Eine Einschätzung, die Christian Eichenberger nicht nachvollziehen kann. Er musste bereits Mitarbeiter entlassen. Von ehemals 221 Angestellten sind nur noch 158 übrig: die meisten von ihnen nach wie vor in Kurzarbeit. Ein paar wenige halten im Büro die Stellung – und haben Angst, dass auch sie ihren Arbeitsplatz verlieren könnten. Dazu Key Account Manager Andreas Schiedlofsky: "Ich mache mir sehr viele Sorgen, habe schlaflose Nächte, weil ich in einem privaten Bau stecke mit meiner Frau. Ich habe zwei Kinder.
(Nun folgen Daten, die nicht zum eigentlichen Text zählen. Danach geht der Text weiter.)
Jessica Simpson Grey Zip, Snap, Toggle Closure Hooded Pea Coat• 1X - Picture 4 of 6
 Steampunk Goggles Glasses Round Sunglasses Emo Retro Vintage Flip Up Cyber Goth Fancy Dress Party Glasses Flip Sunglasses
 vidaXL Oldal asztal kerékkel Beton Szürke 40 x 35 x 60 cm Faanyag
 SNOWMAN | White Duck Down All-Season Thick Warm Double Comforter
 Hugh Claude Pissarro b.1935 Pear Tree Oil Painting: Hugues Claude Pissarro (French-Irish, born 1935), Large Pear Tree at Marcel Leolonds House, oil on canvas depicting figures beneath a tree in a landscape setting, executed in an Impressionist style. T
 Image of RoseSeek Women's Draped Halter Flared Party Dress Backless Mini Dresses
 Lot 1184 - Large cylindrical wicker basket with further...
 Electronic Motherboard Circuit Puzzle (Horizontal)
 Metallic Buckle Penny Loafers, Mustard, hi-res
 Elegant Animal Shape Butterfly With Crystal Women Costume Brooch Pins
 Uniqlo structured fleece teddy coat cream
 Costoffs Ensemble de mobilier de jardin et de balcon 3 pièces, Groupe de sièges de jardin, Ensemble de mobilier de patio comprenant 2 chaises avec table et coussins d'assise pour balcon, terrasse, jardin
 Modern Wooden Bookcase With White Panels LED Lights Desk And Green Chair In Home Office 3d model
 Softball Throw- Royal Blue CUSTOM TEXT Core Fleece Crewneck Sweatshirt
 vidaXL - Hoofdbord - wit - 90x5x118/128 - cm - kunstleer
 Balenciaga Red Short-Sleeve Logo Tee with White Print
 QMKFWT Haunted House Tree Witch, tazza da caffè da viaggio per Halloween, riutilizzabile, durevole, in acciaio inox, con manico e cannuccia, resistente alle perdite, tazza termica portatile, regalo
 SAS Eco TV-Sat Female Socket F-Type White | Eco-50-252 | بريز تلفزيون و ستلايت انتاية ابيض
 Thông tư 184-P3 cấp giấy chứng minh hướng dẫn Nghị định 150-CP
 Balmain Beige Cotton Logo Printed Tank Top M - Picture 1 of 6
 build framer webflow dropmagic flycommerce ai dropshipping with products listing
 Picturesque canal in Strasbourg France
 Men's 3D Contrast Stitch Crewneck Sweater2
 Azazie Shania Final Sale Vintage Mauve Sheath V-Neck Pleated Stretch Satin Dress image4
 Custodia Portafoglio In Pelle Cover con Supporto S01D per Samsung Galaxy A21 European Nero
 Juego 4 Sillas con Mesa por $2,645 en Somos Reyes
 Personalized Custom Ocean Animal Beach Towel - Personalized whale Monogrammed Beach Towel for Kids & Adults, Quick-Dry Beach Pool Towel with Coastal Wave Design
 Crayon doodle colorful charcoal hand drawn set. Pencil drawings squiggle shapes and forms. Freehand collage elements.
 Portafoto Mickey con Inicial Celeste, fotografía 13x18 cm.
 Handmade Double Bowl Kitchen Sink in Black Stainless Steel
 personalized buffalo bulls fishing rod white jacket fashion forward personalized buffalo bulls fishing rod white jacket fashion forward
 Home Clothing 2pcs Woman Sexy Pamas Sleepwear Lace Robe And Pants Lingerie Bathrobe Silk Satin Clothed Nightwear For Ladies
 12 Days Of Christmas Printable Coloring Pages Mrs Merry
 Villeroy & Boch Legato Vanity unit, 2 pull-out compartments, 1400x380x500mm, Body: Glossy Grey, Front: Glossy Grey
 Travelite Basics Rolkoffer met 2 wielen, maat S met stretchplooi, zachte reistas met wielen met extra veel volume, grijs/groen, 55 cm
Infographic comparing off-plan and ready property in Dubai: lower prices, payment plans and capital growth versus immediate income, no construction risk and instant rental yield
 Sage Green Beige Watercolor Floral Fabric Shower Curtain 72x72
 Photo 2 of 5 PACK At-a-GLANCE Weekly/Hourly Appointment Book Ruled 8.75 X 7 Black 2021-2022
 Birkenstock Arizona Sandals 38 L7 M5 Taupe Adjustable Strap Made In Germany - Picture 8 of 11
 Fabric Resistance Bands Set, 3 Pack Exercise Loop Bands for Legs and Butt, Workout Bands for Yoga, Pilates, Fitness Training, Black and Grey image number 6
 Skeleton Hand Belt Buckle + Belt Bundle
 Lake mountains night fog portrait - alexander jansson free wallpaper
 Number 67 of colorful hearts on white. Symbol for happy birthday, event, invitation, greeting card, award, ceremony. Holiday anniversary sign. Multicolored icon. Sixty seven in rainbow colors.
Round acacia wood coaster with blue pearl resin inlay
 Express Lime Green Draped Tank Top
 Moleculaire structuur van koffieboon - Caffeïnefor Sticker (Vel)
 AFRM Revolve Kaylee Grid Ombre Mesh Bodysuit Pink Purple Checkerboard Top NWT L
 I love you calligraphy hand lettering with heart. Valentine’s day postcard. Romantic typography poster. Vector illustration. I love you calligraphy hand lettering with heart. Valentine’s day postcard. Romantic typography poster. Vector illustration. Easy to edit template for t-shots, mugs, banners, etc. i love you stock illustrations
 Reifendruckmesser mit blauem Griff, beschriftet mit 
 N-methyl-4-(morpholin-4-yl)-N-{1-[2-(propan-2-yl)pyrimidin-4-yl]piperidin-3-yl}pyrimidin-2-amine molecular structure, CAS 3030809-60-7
Weil die Veranstaltungswirtschaft momentan komplett Berufsverbot hat, weiß ich halt nicht, wie es weitergeht und habe dann natürlich Zukunftsängste und Existenzängste."
Auch beim Deutschen Industrie- und Handelskammertag in Berlin betrachtet man die aktuelle Situation vieler mittelständischer Betriebe mit Sorge. Dr. Achim Dercks, stellvertretender Hauptgeschäftsführer: "Wenn die Überbrückungshilfen schneller an die Unternehmen geflossen wären, dann hätte das natürlich einen positiven Einfluss auf die Insolvenzgefahr der Unternehmen. Wie groß das im Einzelnen sein wird, das wissen wir einfach noch nicht. Entscheidend ist, die Überbrückungshilfe kann für die nächsten Monate noch helfen. Die spannende Frage wird dann im nächsten Jahr sein, wer sozusagen durch Überbrückungshilfen gerettet werden kann und wer es trotzdem nicht schafft."
Trotz staatlicher Überbrückungshilfe drohen also weiterhin existentielle Probleme bei Solo-Selbständigen und Insolvenzen im Mittelstand.